1. Field of the Invention
The present invention relates to a level conversion circuit, and more particularly to a level conversion circuit (input buffer circuit) that converts an output level from an ECL logic circuit or GaAs logic operating with a negative power supply to a level for a CMOS logic circuit operating with a positive power supply.
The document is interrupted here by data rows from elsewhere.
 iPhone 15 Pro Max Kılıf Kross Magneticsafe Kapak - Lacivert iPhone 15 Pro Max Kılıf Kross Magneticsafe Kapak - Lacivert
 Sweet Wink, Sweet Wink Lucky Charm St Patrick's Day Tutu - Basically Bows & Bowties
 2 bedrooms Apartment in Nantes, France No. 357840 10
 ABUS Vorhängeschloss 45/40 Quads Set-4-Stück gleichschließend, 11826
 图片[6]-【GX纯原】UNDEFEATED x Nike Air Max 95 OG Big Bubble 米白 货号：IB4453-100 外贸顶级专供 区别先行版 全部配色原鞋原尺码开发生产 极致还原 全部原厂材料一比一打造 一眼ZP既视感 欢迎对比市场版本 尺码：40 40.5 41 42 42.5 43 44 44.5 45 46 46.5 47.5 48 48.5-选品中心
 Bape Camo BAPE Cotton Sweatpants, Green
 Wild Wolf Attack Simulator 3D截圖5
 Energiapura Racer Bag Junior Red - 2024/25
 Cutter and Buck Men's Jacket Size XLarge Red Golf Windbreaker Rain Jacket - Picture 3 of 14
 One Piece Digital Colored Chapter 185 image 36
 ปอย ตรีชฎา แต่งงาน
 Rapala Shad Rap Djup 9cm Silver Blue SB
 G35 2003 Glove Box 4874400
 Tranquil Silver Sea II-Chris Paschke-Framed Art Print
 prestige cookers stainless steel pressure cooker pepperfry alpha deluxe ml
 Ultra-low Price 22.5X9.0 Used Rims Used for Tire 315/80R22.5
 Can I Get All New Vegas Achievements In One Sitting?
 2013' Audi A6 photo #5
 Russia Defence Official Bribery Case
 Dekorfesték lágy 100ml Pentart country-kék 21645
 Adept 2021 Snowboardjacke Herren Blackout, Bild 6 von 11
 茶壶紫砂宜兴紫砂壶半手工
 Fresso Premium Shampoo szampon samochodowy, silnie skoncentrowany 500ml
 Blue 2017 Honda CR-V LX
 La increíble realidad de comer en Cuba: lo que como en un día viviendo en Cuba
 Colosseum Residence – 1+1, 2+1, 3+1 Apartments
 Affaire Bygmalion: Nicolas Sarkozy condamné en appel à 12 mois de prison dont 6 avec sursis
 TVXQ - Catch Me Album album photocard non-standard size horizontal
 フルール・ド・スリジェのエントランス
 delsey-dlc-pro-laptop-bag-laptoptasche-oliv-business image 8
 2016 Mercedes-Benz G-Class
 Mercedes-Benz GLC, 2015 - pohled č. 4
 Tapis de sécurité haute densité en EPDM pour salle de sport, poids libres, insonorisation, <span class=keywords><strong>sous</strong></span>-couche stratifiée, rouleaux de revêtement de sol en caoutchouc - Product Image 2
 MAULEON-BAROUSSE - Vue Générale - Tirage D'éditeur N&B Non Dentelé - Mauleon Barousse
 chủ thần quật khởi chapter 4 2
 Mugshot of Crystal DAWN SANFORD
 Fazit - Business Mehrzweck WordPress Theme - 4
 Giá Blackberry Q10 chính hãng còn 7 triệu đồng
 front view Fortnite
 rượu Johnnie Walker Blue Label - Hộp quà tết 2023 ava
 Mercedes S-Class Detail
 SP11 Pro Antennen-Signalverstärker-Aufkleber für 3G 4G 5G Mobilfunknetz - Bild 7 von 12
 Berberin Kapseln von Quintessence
2. Background of the Invention
FIG. 5 shows an example of a level conversion circuit of this type in the prior art. An ECL logic circuit (emitter coupled logic circuit) 21 operates with a negative potential VEE (usually -5.2 V to -4.5 V). In contrast to this, a CMOS logic circuit 31 operates between a positive potential VDD (usually +5 V or +3.3 V) and ground. The output of an ECL logic circuit (for example, an open-collector output of an NPN bipolar transistor) 21 is connected to a termination voltage VTT (usually -2 V) via a transmission path 22 and a termination resistance 23. By doing this, ECL levels (usually a high level of -0.9 V and a low level of -1.7 V) appear at the node 24 between transmission path 22 and the termination resistance 23. The AC component obtained at the node 24 is transmitted to an input terminal 25, via a series-connected capacitor 26. The DC bias on the input terminal (usually approximately VDD-2 V) 25 is generated, for example, by dividing a voltage between VDD and ground, using resistances R1 and R2. In PECL-CMOS level conversion circuit 28, an input voltage converted to a positive ECL level (so-called PECL level) is compared with a reference voltage (usually approximately VDD-1.3 V) applied to a reference voltage input terminal 27, and a full-swing CMOS level between VDD and ground is output to the output terminal 29. By making an AC connection in this manner via a series-connected capacitor 26, the signal levels of an ECL logic circuit 21 operating with a negative potential VEE is converted to the signal levels of a CMOS logic circuit 31 operating with a positive potential VDD.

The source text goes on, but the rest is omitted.